Circuit breaking¶
Circuit breaking is a critical component of distributed systems. It’s nearly always better to fail quickly and apply back pressure downstream as soon as possible. One of the main benefits of an Envoy mesh is that Envoy enforces circuit breaking limits at the network level as opposed to having to configure and code each application independently. Envoy supports various types of fully distributed (not coordinated) circuit breaking:
- Cluster maximum connections: The maximum number of connections that Envoy will establish to all hosts in an upstream cluster. In practice this is only applicable to HTTP/1.1 clusters since HTTP/2 uses a single connection to each host. If this circuit breaker overflows the upstream_cx_overflow counter for the cluster will increment.
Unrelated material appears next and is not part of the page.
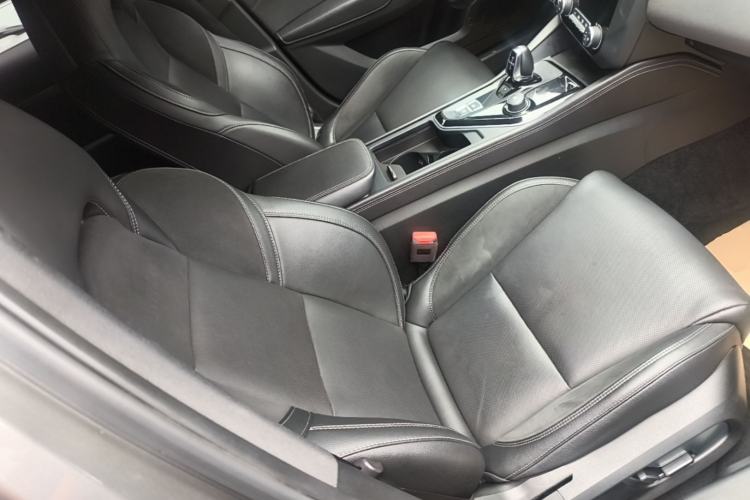 Used Lynk & Co 03 2020 1.5TD DCT JingPro Edition Right Front Seat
- Cluster maximum pending requests: The maximum number of requests that will be queued while waiting for a ready connection pool connection. Since HTTP/2 requests are sent over a single connection, this circuit breaker only comes into play as the initial connection is created, as requests will be multiplexed immediately afterwards. For HTTP/1.1, requests are added to the list of pending requests whenever there aren’t enough upstream connections available to immediately dispatch the request, so this circuit breaker will remain in play for the lifetime of the process. If this circuit breaker overflows the upstream_rq_pending_overflow counter for the cluster will increment.
- Cluster maximum requests: The maximum number of requests that can be outstanding to all hosts in a cluster at any given time. In practice this is applicable to HTTP/2 clusters since HTTP/1.1 clusters are governed by the maximum connections circuit breaker. If this circuit breaker overflows the upstream_rq_pending_overflow counter for the cluster will increment.
- Cluster maximum active retries: The maximum number of retries that can be outstanding to all hosts in a cluster at any given time. In general we recommend aggressively circuit breaking retries so that retries for sporadic failures are allowed but the overall retry volume cannot explode and cause large scale cascading failure. If this circuit breaker overflows the upstream_rq_retry_overflow counter for the cluster will increment.
- Cluster maximum concurrent connection pools: The maximum number of connection pools that can be concurrently instantiated. Some features, such as the Original Src Listener Filter, can create an unbounded number of connection pools. When a cluster has exhausted its concurrent connection pools, it will attempt to reclaim an idle one. If it cannot, then the circuit breaker will overflow. This differs from Cluster maximum connections in that connection pools never time out, whereas connections typically will. Connections automatically clean up; connection pools do not. Note that in order for a connection pool to function it needs at least one upstream connection, so this value should likely be no greater than Cluster maximum connections.
Each circuit breaking limit is configurable and tracked on a per upstream cluster and per priority basis. This allows different components of the distributed system to be tuned independently and have different limits. The live state of these circuit breakers, including the number of resources remaining until a circuit breaker opens, can be observed via statistics.
Note that circuit breaking will cause the x-envoy-overloaded header to be set by the router filter in the case of HTTP requests.